Direct interactions between BER proteins detected by fluorescence titration and FRET [63]. The EC50 values represent apparent equilibrium dissociation constants of the complexes (determined as half-maximal effective concentrations of protein partners); the length of black arrows connecting the protein pairs is proportional to the binding affinity; the underlined EC50 values have changed remarkably in the presence of DNA intermediates. The interaction in each pair of FAM- (donor) and TMR-labeled (acceptor) proteins is characterized by FRET efficiency (E); the highest change of the E value induced by DNA intermediates (increase/decrease with +/− sign) is presented in brackets. Reproduced with modification from [6] with permission of Pleiades Publishing, Ltd.

Recently, the oligomeric states of BER proteins and their complexes have been estimated based on hydrodynamic sizes determined by using dynamic light scattering (DLS) technique [69]. All the proteins have been proposed to form homodimers upon their self-association. The most probable oligomerization state of the binary complexes formed by PARP1 with various proteins is a heterotetramer. The oligomerization state of the binary complexes formed by XRCC1 varies from heterodimer to heterotetramer, depending on the partner.

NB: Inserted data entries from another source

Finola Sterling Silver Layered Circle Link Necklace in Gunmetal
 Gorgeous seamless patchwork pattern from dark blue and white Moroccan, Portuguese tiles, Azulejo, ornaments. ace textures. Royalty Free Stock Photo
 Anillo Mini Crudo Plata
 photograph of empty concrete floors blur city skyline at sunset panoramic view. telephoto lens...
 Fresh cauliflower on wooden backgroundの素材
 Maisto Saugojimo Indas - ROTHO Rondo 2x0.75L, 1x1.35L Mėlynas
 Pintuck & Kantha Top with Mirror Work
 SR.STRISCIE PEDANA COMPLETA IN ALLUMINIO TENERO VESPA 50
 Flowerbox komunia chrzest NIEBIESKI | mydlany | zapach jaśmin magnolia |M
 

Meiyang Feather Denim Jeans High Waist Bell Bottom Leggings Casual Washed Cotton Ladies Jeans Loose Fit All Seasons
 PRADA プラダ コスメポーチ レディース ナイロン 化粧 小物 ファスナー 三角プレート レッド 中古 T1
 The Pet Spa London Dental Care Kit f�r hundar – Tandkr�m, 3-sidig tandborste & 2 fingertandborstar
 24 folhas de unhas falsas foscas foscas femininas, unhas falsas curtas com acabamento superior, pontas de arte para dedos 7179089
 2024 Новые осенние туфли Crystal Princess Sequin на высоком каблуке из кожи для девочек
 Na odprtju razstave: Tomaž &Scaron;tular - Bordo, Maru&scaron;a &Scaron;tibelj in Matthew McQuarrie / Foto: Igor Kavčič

Interaction of PARP1 with Polβ and APE1 detected in our study [63] in both the absence and presence of DNA may contribute to regulation of the BER process. Cooperation between PARP1 and BER enzymes at different steps of DNA repair is evident from our previous studies. Interaction of PARP1, Polβ, and APE1 with the “central” DNA intermediate in BER established by photoaffinity labeling of BER proteins in the cell extract suggests interplay between these proteins during repair synthesis catalyzed by Polβ [70]. The ability of PARP1 to compete with APE1 for the binding of an AP-site containing DNA indicates possible cooperation between the proteins upon the recognition and further incision of the AP site [71]. Following the incision of AP site, PARP1 can catalyze the synthesis of poly(ADP-ribose). According to the initially proposed mechanism of its action, PARP1 dissociates from the complex with DNA after covalent attachment of the negatively charged PAR polymer. Further studies of an active role of PAR in the formation of the repair complexes have modified this hypothesis. It was established that following poly(ADP-ribosyl)ation, PARP1 was capable of covalent binding to the photoreactive DNA intermediate; the lifetime of such complexes was shown to depend on both the size of covalently bound PAR and the initial affinity of PARP1 for the DNA damage [70]. Complexes of PAR-PARP1 with damaged DNA have been detected by atomic force microscopy [72]. Recently, kinetics of poly(ADP-ribosyl)ation and PAR homeostasis (but not the PARP1 protein) have been proposed to play a primary role in protection of cells from acute DNA damage [73]. Hence, the formation of BER complexes on the damaged DNA can be regulated via either poly(ADP-ribosyl)ation of proteins or their interactions with PAR polymer synthesized by PARP1 and PARP2. Poly(ADP-ribose) is the most important cell regulator of protein-protein and protein-nucleic acid interactions. [20, 74, 75, 76, 77, 78].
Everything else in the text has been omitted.